Mein Gegenüber hatte seine etwas kleiner ausgefallene Steinpilzsuppe zum Zwischengang gut weggesteckt. Er gilt in unserem Kreis als wahrer Schmorgerichte-Enthusiast, was seine Freude auf die butterzarten Rinderbäckchen in tief dunkler Rotwein-Schalotten-Sauce erklärte. Zusammen mit den drei Häufchen Kartoffelpüree aus der Spritztüte mit Butterbrösel drauf und gegrilltem Gemüse war das ein grundsolides Herbst…ach was: Wintergericht, bei dem es meinem Kollegen auch ohne viel Rotwein recht warm ums Herz wurde. Es blieb im Übrigen bei der einen Flasche Rotwein an diesem Abend. Der vinophile Genussspecht mit den schwäbischen Wurzeln trank sich zwar noch ein wenig durchs offene Weißweinprogramm, aber ansonsten war es kein Vergleich zu schon im gleichen Kreis erlebten Flaschenweinorgien. Wir übten uns quasi in 13,5%-iger Bescheidenheit…
Auch ich bereute meine Entscheidung für das Rehgulasch nicht. Das kräftige, nicht totgeschmorte Wildfleisch badete in einer dunklen Sauce, von der mir auf Anfrage noch eine Sauciere voll nachgereicht wurde. Die kräftige Tunke harmonierte wunderbar mit der süßen Frucht der Preiselbeeren. Und die dazu gereichten Spätzle schmeckten wie vom Brett geschabt. Was will man mehr?!
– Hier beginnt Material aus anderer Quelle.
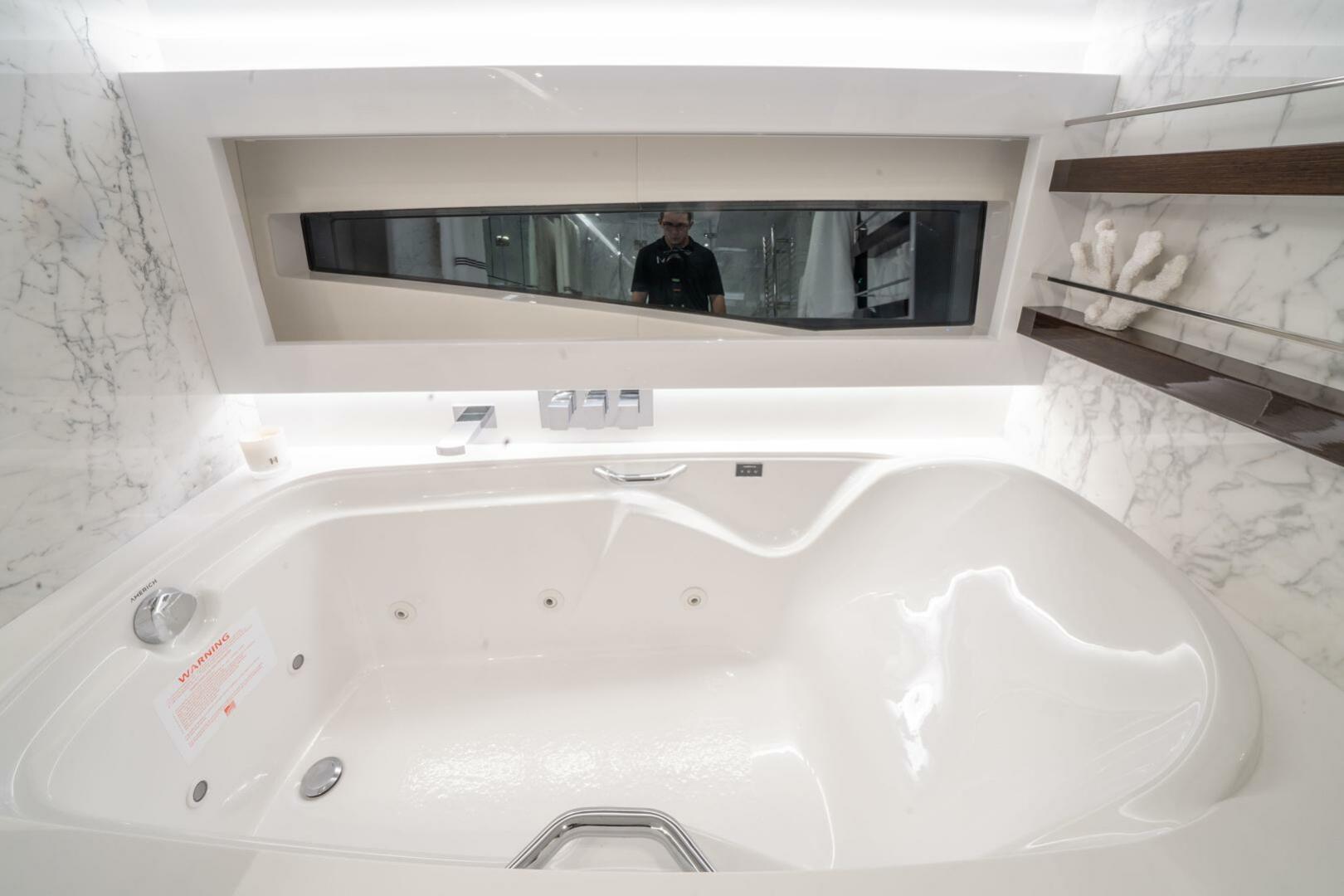 Luxurious Pearl 95 yacht bathroom with marble accents and modern bathtub, 2020 model.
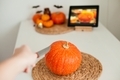 pumpkin on the table, making jack o lantern by carving orange pumpkin while watching online tutorial - PhotoDune Item for Sale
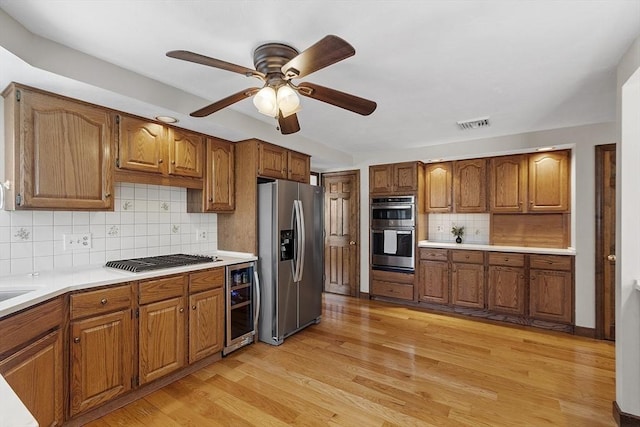 kitchen featuring light wood finished floors, beverage cooler, light countertops, brown cabinets, and appliances with stainless steel finishes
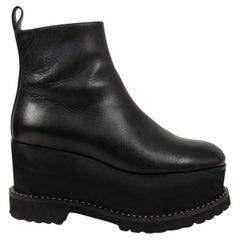 GIVENCHY - Bottines en cuir noir cloutées à plateau « WEDGE », taille 36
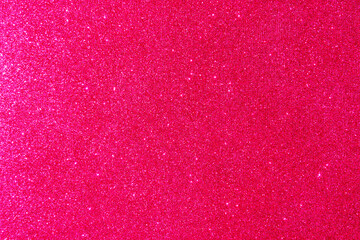 Background with sparkles. Backdrop with glitter. Shiny textured surface. Vivid pink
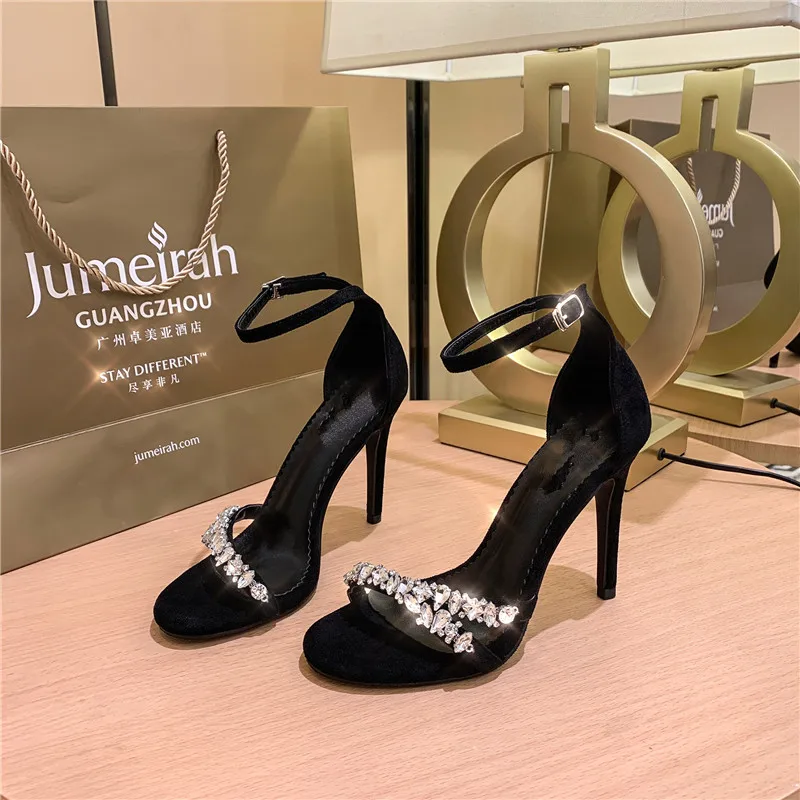 New all-match black rhinestone shoes a word buckle high-heeled sandals 10CM stiletto sexy women's shoes
New all-match black rhinestone shoes a word buckle high-heeled sandals 10CM stiletto sexy women's shoes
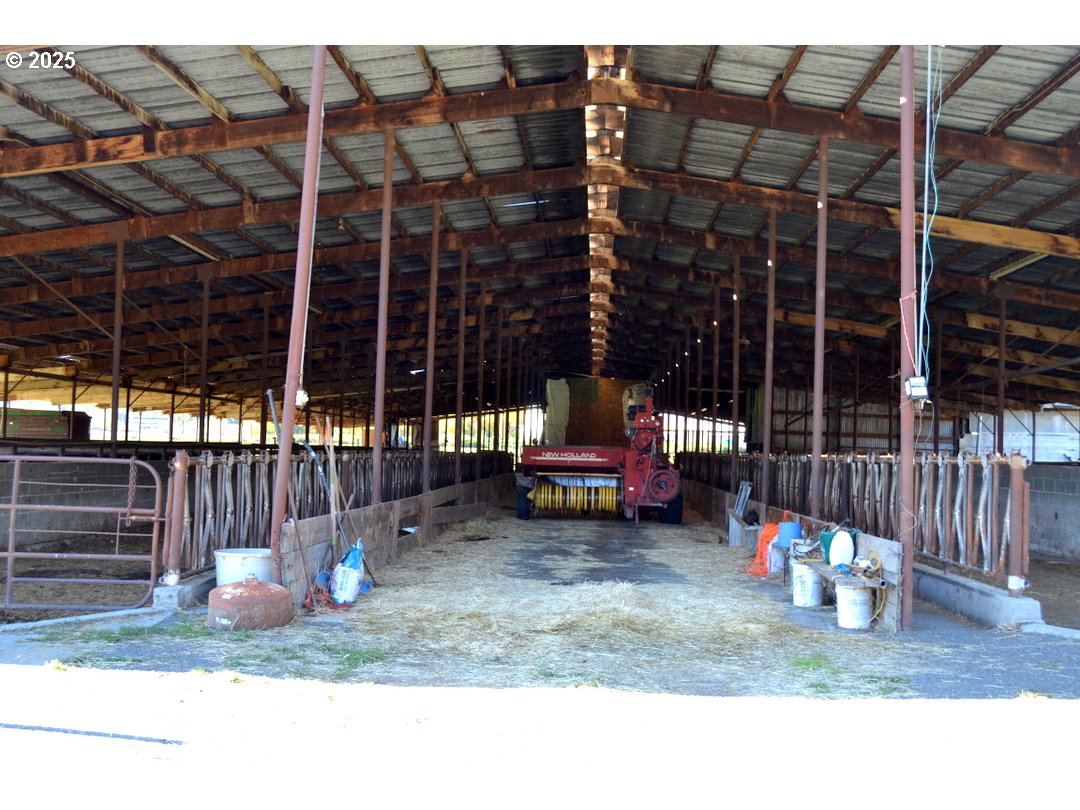 6181 Lower River Road Grants Pass, OR 97526 - Photo 22 of 37 a view of a house with a patio and a yard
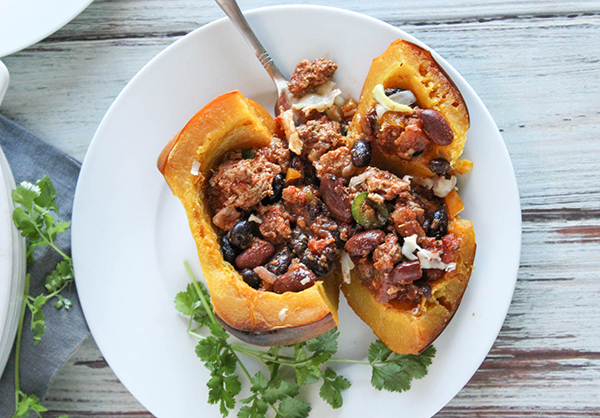 an overhead shot of stuffed squash on a plate with a fork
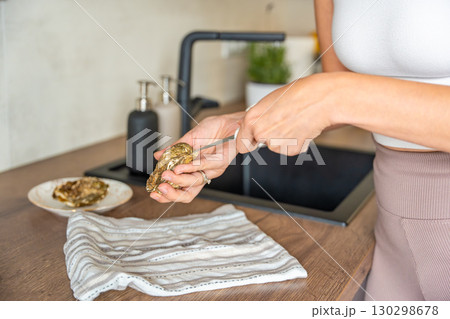 Female hands struggling to open a fresh oyster at home with a special oyster knife. Risks and challenges of handling shellfish without professional training Female hands struggling to open a fresh oyster at home with a special oyster knife. Risks and challenges of handling shellfish without professional training 130298678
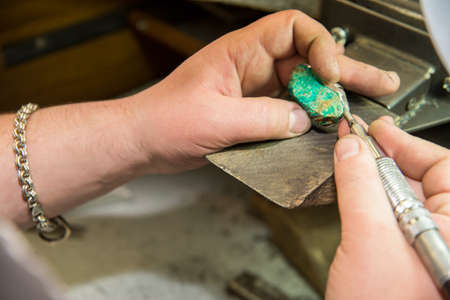 jeweler attaches green stoneの写真素材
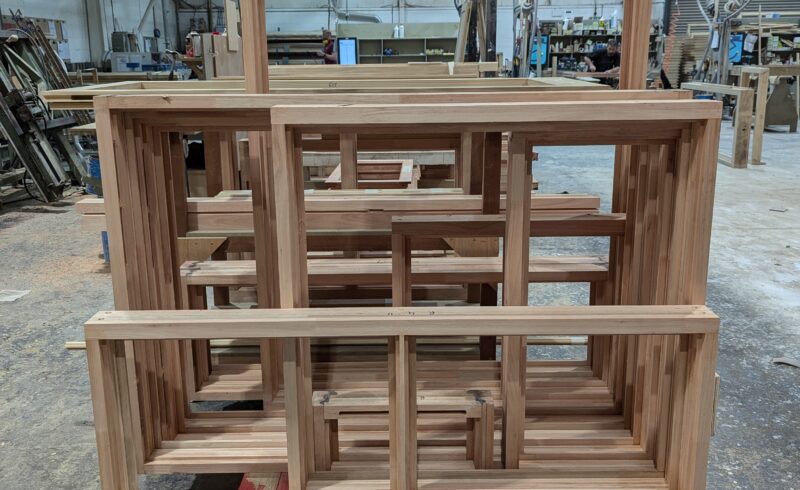 A stack of newly constructed Red Grandis timber window frames, placed on a red pallet inside a busy workshop. The frames showcase the natural light brown color and smooth finish of the sustainable wood. The background reveals various tools, materials, and woodworking equipment, highlighting an active joinery environment.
Mit dem geeisten Nougat-Parfait (7,50 Euro), das in Gesellschaft von beschwipsten Sauerkirschen den süßen Abschluss bildete, wurde ein angemessener Schlusspunkt unter den Schlemmerabend gesetzt. Nach einem netten Plausch mit dem Küchenchef wurden wir als letzte Gäste des Abends in die Maikammer Nacht entlassen. In der Summe: Klasse Essen, tolle Umgebung, super Gesellschaft! Der nächste Besuch könnte glatt im Sommer 2018 im mediterran gestalteten Innenhof stattfinden. Ich hätte nichts dagegen.